Word for word, reproduce the listing that follows, excluding any pictures it contains.

*Material provided*.
★ ★ ★ ★ ★ ★ ★

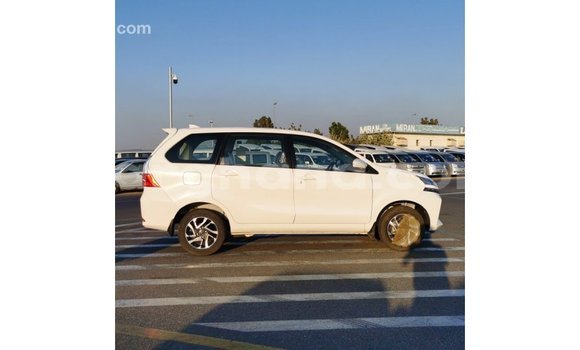 Ra Imported Toyota Avanza funfun Ọkọ̀ in Import - Dubai ni Ashanti Ra Imported Toyota Avanza funfun Ọkọ̀ in Import - Dubai ni Ashanti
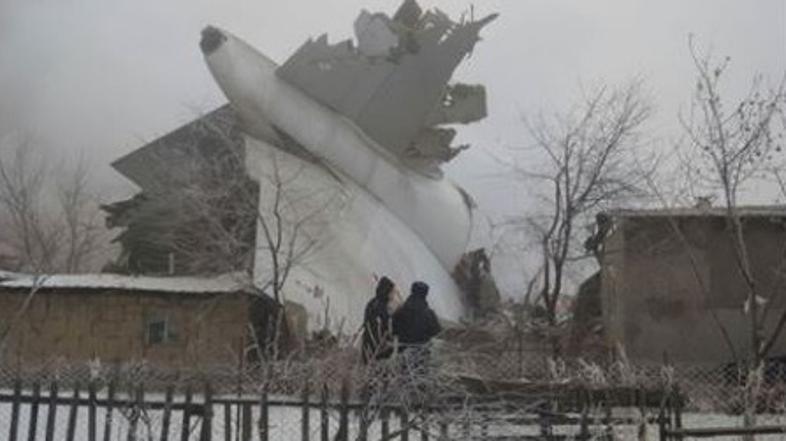 Strmoglavljenje letala v Kirgizistanu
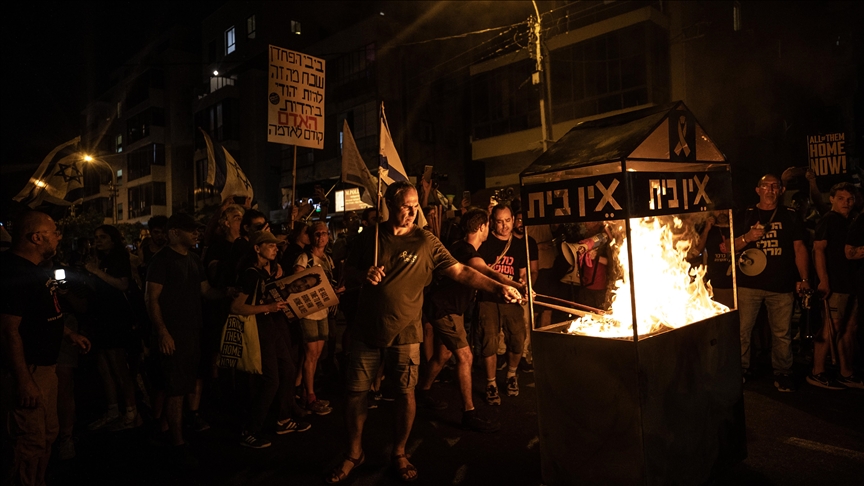 Thousands of Israelis protest Netanyahu government, demand prisoner swap with Palestinian factions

★ ★ ★ ★ ★ ★ ★

*Reply*.
 Ra Imported Toyota Avanza funfun Ọkọ̀ in Import - Dubai ni Ashanti Ra Imported Toyota Avanza funfun Ọkọ̀ in Import - Dubai ni Ashanti
 Strmoglavljenje letala v Kirgizistanu
 Thousands of Israelis protest Netanyahu government, demand prisoner swap with Palestinian factions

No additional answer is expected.